Alors que Florian Philippot a menacé de quitter le FN en cas de recul sur la sortie de l’euro, le secrétaire général du parti, Nicolas Bay, souhaite au contraire voir son parti « infléchir sa position » sur la question, estimant que le FN « n’a pas convaincu sur l’idée de la sortie de l’euro ». « On fait le constat lucide que cette monnaie unique européenne à certains égards dessert nos intérêts. La question, c’est de savoir s’il est opportun de la remettre frontalement en cause ou si on peut envisager une évolution », a-t-il affirmé vendredi 21 juillet sur France Info.
Les adhérents du Front national seront consultés « probablement au mois de septembre » sur cette question, a fait savoir Marine Le Pen.
Le nom du parti
Pour Florian Philippot, tout comme pour Marine Le Pen, la « refondation » du parti passera par un changement de nom. « Front national fait peur », écrit Florian Philippot dans un courrier interne publié dans Le Figaro en début de semaine. Sur Europe 1, vendredi, David Rachline, sénateur et maire de Fréjus (Var), a lui aussi estimé que ce nom était « encore anxiogène », contrairement à d’autres cadres historiques comme Bruno Gollnisch, qui estime que « le nom du Front national est honorable, il traduit quantité de sacrifices, de résistance à des persécutions ».

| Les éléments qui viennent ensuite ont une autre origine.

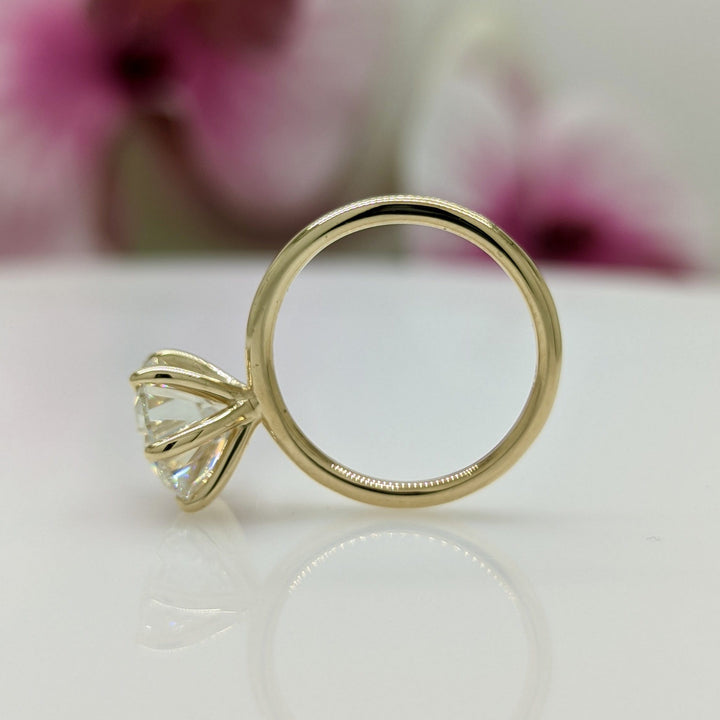 AGI Design Eva Round Lab Created Diamond Engagement Ring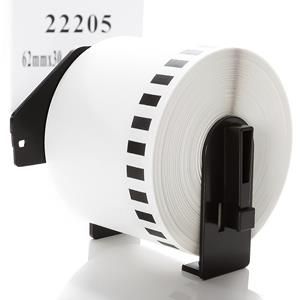 Base+rollos De Etiquetas Dk22205, 62mm X 30,48mts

Le sujet sera évidemment discuté au cours du séminaire, mais les modifications ne devraient pas avoir lieu avant le congrès de 2018.
Les alliances
« Nous devons organiser le mouvement pour pouvoir accueillir au-delà du FN ceux qui veulent mener le combat pour la France », a affirmé Marine Le Pen, sur France 2, jeudi 21 juillet.
Après une alliance au second tour de la présidentielle avec le FN, le président de Debout la France, Nicolas Dupont-Aignan, avait déclaré au début de juillet vouloir « dialoguer » aussi bien avec des responsables LR comme Laurent Wauquiez et Thierry Mariani qu’avec le vice-président du Front national, Florian Philippot. A cette main tendue, Florian Philippot avait répondu par la positive.

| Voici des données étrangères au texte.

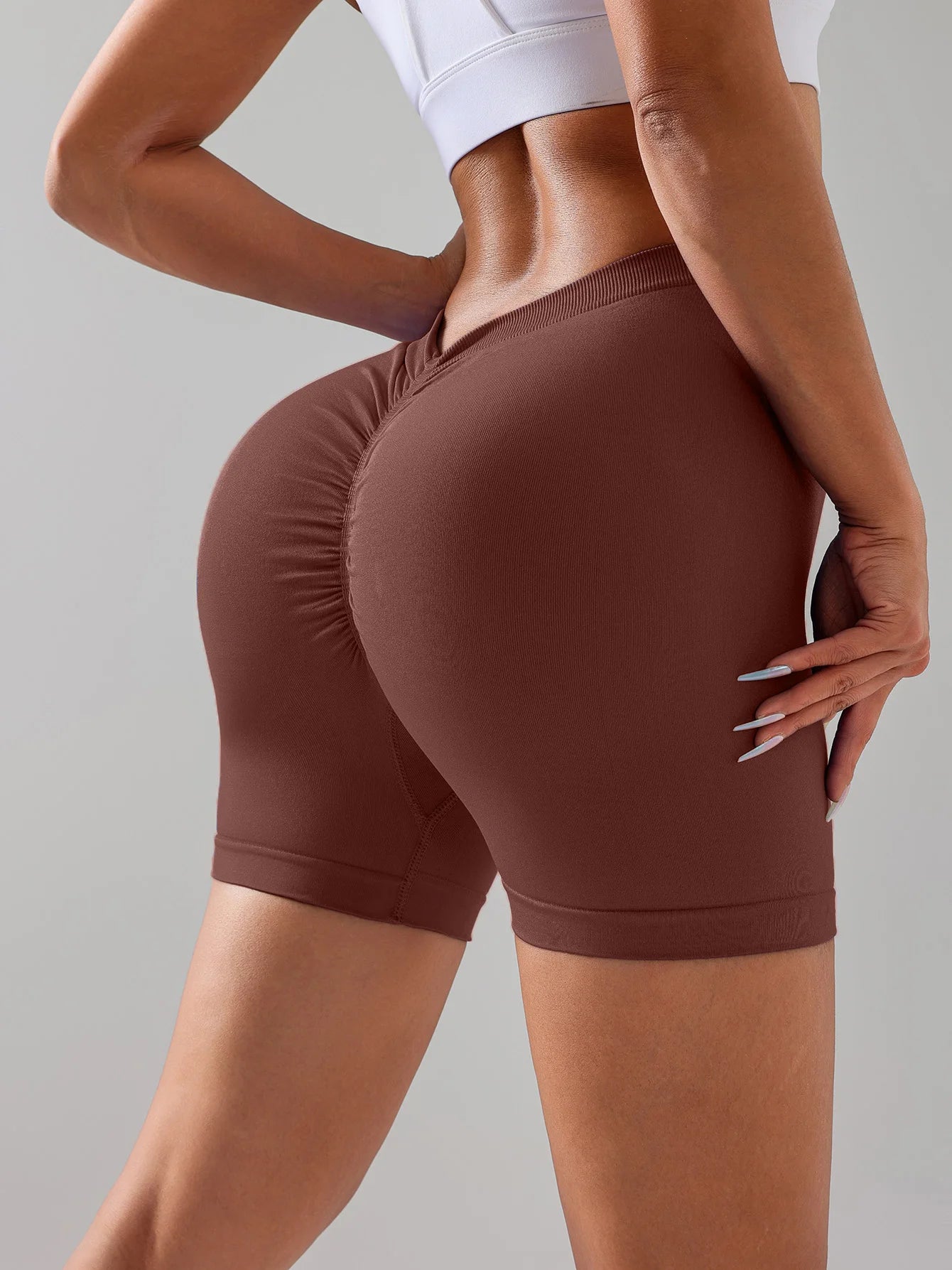 3 Pack Us Local Women's Fitness Shorts V-High Waisted Yoga Shorts,Moisture-Wicking Breathable And Stretchy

« Je suis aussi pour aller voir des gens dont on a du mal à savoir aujourd’hui où ils se situent », a poursuivi M. Philippot, jeudi, dans Le Parisien, en pensant « par exemple à Laurent Wauquiez », avant d’ajouter qu’« avec Henri Guaino [ex-conseiller de Nicolas Sarkozy], on devrait également pouvoir parler ».
Le « cas » Philippot
Florian Philippot, ainsi que ses proches, sont accusés en interne, au choix, d’avoir conduit la formation à la défaite, de l’avoir dénaturée ou encore d’entretenir une ambiance délétère. Dans le même temps, le député européen joue une partition perçue par certains de ses adversaires comme une série de provocations destinées à créer les conditions d’une rupture. Dernier épisode d’un feuilleton promis sans doute à durer jusqu’au congrès du parti : certains ont jugé que la publication du courrier interne signé Florian Philippot dans Le Figaro lundi 17 juillet était, en réalité, une fuite organisée.

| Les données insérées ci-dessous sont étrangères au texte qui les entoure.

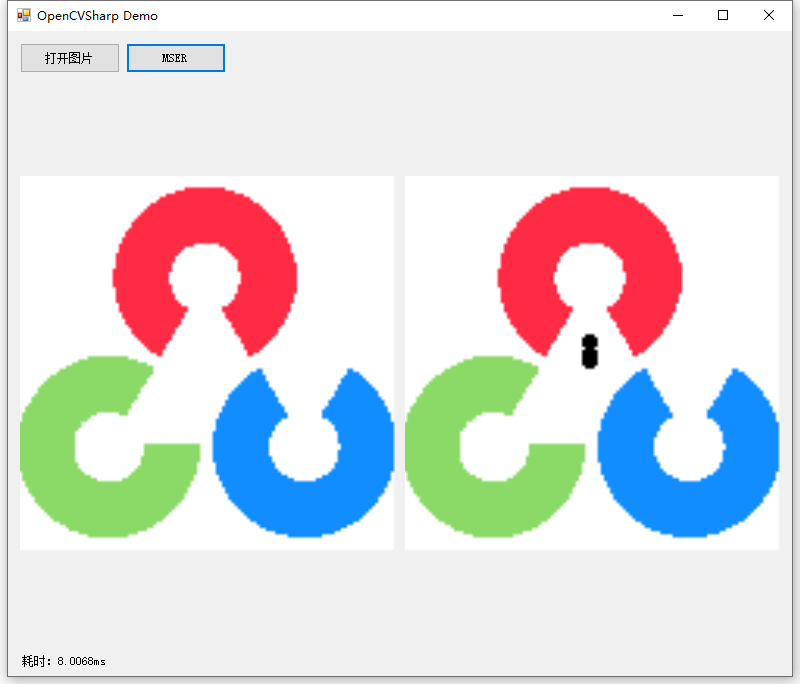 OpenCVSharp入门教程 特征提取①——MSER区域特征提取Maximally Stable Extremal Regions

M. Philippot, pour sa part, ne veut pas croire à une issue malheureuse le concernant. Mais l’intéressé prévient tout de même que son éventuel débarquement ne resterait pas sans conséquences : « Si c’était le souhait de certains cadres nationaux pour des raisons internes et de calendrier, ce que je ne peux pas croire un instant, ils se discréditeraient gravement aux yeux des adhérents et des électeurs en prenant la responsabilité de diviser notre mouvement », assure-t-il au Monde.